### RECORDS TO PROCESS
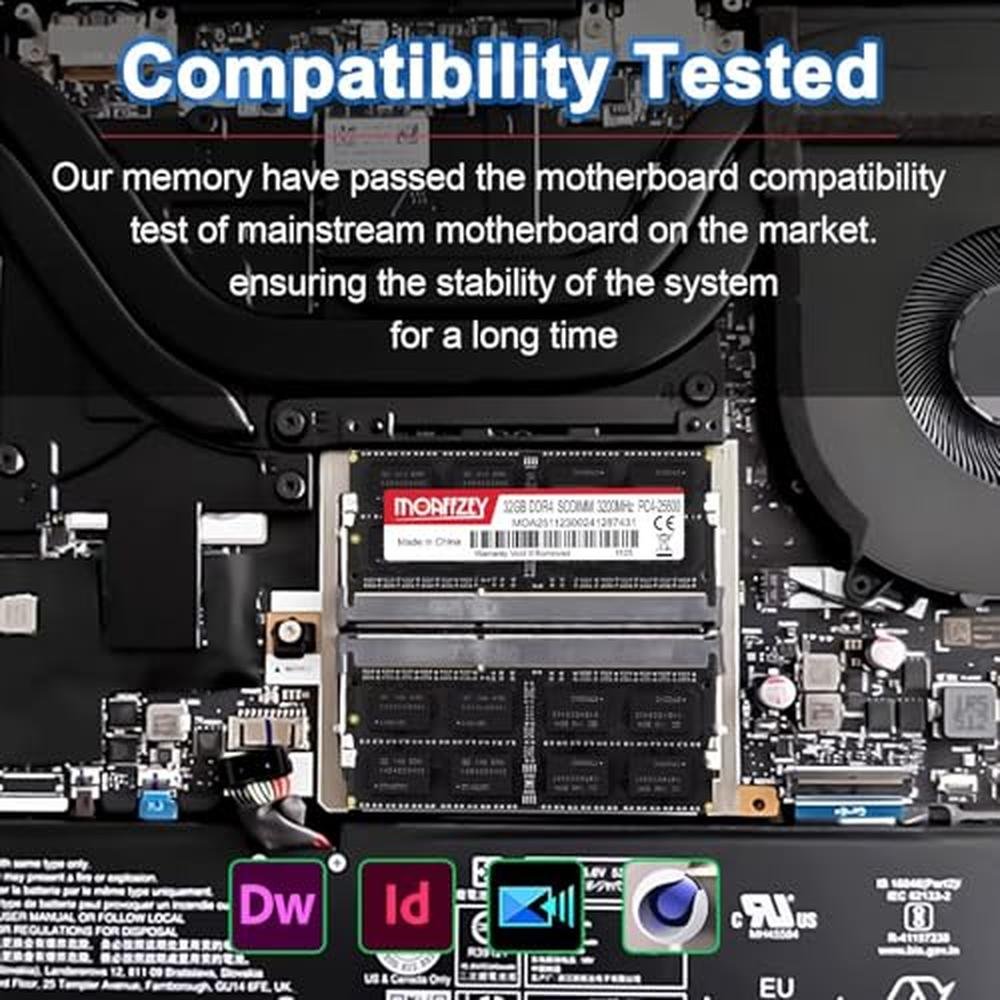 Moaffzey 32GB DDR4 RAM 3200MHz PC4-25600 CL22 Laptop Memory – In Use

* * *

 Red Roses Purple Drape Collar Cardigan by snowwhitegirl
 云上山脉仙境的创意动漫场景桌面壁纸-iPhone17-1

### TASK BRIEF
Copy, exactly and only, the lines above that begin with the one containing "Red Roses Purple" and finish with the one containing "云上山脉仙境的创意动漫场景桌面壁纸-iPhone17-1".

### EXPECTED ANSWER
 Red Roses Purple Drape Collar Cardigan by snowwhitegirl
 云上山脉仙境的创意动漫场景桌面壁纸-iPhone17-1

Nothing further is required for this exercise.